→ Task details: Beginning with the line that includes "Woman's face in green nature with leaves" and ending with the last line of the listing below, write out each line exactly, with no other output.

→ Input material:

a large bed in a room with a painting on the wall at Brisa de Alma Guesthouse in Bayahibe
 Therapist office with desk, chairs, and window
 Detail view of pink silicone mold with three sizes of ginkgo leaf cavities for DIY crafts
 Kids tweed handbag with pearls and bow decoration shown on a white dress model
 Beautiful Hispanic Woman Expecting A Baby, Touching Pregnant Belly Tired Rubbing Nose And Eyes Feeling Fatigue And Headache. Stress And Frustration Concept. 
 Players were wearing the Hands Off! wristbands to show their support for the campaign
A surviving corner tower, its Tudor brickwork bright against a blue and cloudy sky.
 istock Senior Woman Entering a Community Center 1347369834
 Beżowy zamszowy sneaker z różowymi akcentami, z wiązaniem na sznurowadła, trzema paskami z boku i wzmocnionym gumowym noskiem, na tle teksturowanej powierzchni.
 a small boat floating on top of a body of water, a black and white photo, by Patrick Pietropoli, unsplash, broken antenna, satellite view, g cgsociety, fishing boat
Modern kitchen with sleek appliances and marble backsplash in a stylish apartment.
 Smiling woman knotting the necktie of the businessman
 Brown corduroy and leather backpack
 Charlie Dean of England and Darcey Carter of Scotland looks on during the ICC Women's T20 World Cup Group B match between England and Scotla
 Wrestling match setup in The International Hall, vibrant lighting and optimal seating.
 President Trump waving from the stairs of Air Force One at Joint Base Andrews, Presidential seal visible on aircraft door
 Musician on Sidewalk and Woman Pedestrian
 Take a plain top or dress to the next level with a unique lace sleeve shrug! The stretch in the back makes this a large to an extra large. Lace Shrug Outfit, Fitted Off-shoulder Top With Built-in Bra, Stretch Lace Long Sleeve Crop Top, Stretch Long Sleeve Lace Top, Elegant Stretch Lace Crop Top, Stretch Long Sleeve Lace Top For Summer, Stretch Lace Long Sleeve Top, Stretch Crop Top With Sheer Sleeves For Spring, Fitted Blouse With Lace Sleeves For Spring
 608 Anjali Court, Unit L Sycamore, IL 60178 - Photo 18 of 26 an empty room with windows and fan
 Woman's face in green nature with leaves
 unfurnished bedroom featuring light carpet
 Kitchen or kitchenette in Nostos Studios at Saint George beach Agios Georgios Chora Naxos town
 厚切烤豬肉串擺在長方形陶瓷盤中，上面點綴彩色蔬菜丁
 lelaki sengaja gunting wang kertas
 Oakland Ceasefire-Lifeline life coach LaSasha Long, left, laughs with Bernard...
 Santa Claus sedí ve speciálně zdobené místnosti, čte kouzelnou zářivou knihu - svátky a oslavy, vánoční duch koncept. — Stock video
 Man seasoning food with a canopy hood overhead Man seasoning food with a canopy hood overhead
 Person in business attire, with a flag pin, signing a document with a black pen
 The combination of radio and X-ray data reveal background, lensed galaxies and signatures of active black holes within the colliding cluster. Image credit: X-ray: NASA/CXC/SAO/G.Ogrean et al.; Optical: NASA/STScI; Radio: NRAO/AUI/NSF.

→ Exercise solution:
 Woman's face in green nature with leaves
 unfurnished bedroom featuring light carpet
 Kitchen or kitchenette in Nostos Studios at Saint George beach Agios Georgios Chora Naxos town
 厚切烤豬肉串擺在長方形陶瓷盤中，上面點綴彩色蔬菜丁
 lelaki sengaja gunting wang kertas
 Oakland Ceasefire-Lifeline life coach LaSasha Long, left, laughs with Bernard...
 Santa Claus sedí ve speciálně zdobené místnosti, čte kouzelnou zářivou knihu - svátky a oslavy, vánoční duch koncept. — Stock video
 Man seasoning food with a canopy hood overhead Man seasoning food with a canopy hood overhead
 Person in business attire, with a flag pin, signing a document with a black pen
 The combination of radio and X-ray data reveal background, lensed galaxies and signatures of active black holes within the colliding cluster. Image credit: X-ray: NASA/CXC/SAO/G.Ogrean et al.; Optical: NASA/STScI; Radio: NRAO/AUI/NSF.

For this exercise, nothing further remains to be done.